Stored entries
* * *
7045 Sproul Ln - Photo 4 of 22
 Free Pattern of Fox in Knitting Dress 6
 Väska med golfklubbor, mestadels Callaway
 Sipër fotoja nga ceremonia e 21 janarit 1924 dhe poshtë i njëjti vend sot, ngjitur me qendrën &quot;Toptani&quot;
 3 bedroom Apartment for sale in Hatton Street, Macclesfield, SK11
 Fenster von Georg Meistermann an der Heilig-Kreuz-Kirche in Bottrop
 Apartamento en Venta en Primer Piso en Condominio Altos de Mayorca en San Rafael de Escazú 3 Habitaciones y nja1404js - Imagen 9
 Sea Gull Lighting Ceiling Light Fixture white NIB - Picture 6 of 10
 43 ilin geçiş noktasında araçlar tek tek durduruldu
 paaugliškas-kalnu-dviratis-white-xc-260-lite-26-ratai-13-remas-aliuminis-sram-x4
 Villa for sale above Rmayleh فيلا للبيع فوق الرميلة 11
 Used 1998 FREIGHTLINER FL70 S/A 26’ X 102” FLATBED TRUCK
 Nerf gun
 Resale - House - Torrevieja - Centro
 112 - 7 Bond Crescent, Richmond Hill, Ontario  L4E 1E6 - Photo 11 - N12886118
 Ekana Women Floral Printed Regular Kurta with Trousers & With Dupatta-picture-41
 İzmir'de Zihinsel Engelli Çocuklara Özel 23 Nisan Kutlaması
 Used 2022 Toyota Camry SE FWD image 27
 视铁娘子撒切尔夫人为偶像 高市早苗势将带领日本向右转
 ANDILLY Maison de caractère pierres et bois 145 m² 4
* * *
▸ TASK
Line by line, retype the data exactly as written.

▸ WRITTEN SOLUTION
7045 Sproul Ln - Photo 4 of 22
 Free Pattern of Fox in Knitting Dress 6
 Väska med golfklubbor, mestadels Callaway
 Sipër fotoja nga ceremonia e 21 janarit 1924 dhe poshtë i njëjti vend sot, ngjitur me qendrën &quot;Toptani&quot;
 3 bedroom Apartment for sale in Hatton Street, Macclesfield, SK11
 Fenster von Georg Meistermann an der Heilig-Kreuz-Kirche in Bottrop
 Apartamento en Venta en Primer Piso en Condominio Altos de Mayorca en San Rafael de Escazú 3 Habitaciones y nja1404js - Imagen 9
 Sea Gull Lighting Ceiling Light Fixture white NIB - Picture 6 of 10
 43 ilin geçiş noktasında araçlar tek tek durduruldu
 paaugliškas-kalnu-dviratis-white-xc-260-lite-26-ratai-13-remas-aliuminis-sram-x4
 Villa for sale above Rmayleh فيلا للبيع فوق الرميلة 11
 Used 1998 FREIGHTLINER FL70 S/A 26’ X 102” FLATBED TRUCK
 Nerf gun
 Resale - House - Torrevieja - Centro
 112 - 7 Bond Crescent, Richmond Hill, Ontario  L4E 1E6 - Photo 11 - N12886118
 Ekana Women Floral Printed Regular Kurta with Trousers & With Dupatta-picture-41
 İzmir'de Zihinsel Engelli Çocuklara Özel 23 Nisan Kutlaması
 Used 2022 Toyota Camry SE FWD image 27
 视铁娘子撒切尔夫人为偶像 高市早苗势将带领日本向右转
 ANDILLY Maison de caractère pierres et bois 145 m² 4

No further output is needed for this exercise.